> **Aim of the exercise**
What you return must be the full data, repeated verbatim, with no pictures in it.

> **Information shown**
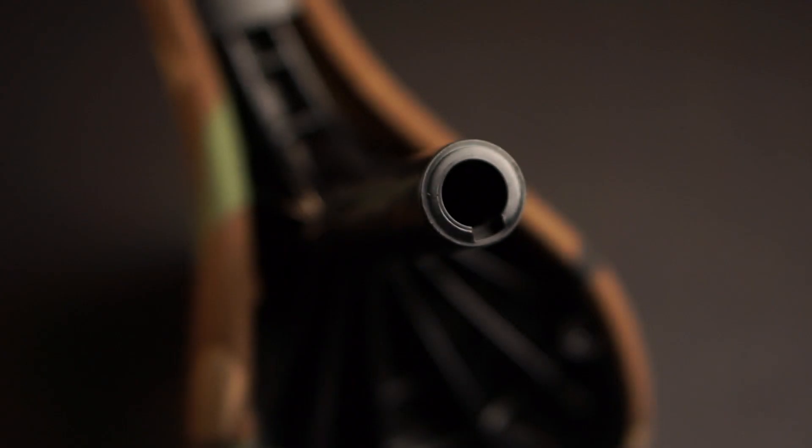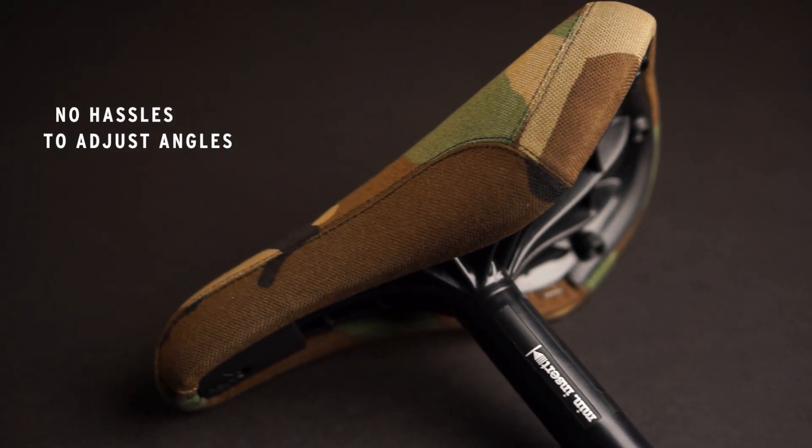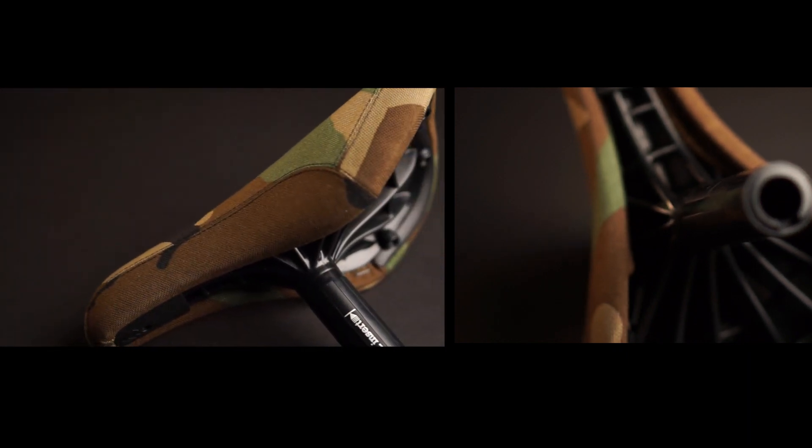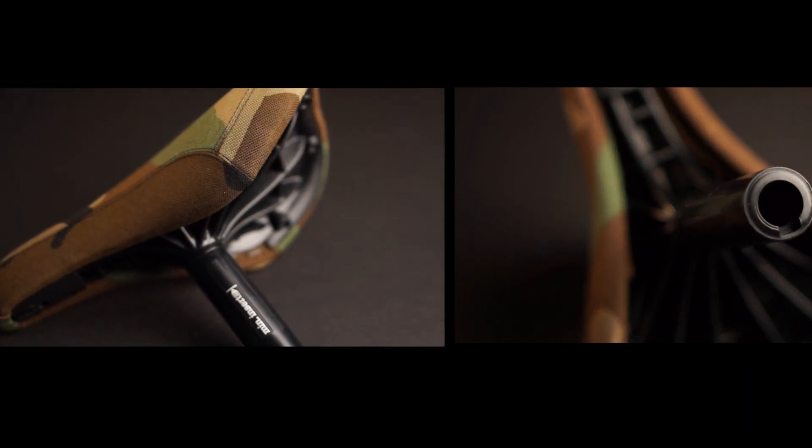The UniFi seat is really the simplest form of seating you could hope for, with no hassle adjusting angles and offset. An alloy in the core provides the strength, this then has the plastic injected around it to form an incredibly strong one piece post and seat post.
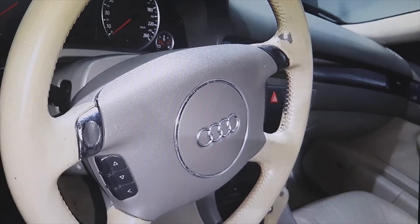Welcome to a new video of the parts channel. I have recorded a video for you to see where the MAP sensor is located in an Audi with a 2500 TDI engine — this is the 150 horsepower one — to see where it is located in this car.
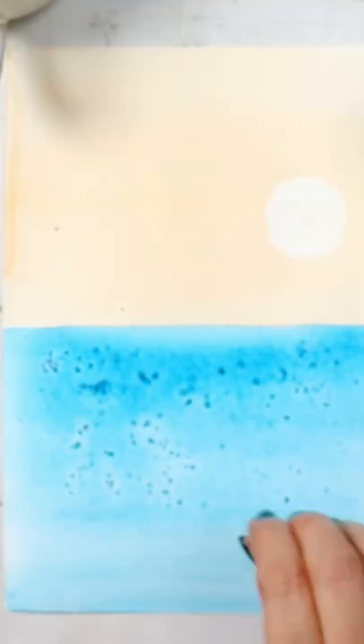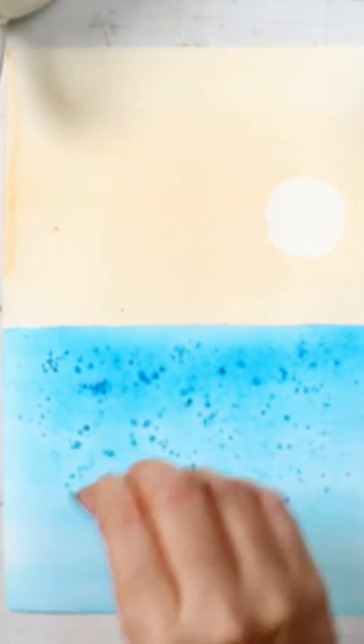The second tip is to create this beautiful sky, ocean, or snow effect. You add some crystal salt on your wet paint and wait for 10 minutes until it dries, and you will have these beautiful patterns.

> **Your solution**
The UniFi seat is really the simplest form of seating you could hope for, with no hassle adjusting angles and offset. An alloy in the core provides the strength, this then has the plastic injected around it to form an incredibly strong one piece post and seat post.
Welcome to a new video of the parts channel. I have recorded a video for you to see where the MAP sensor is located in an Audi with a 2500 TDI engine — this is the 150 horsepower one — to see where it is located in this car.
The second tip is to create this beautiful sky, ocean, or snow effect. You add some crystal salt on your wet paint and wait for 10 minutes until it dries, and you will have these beautiful patterns.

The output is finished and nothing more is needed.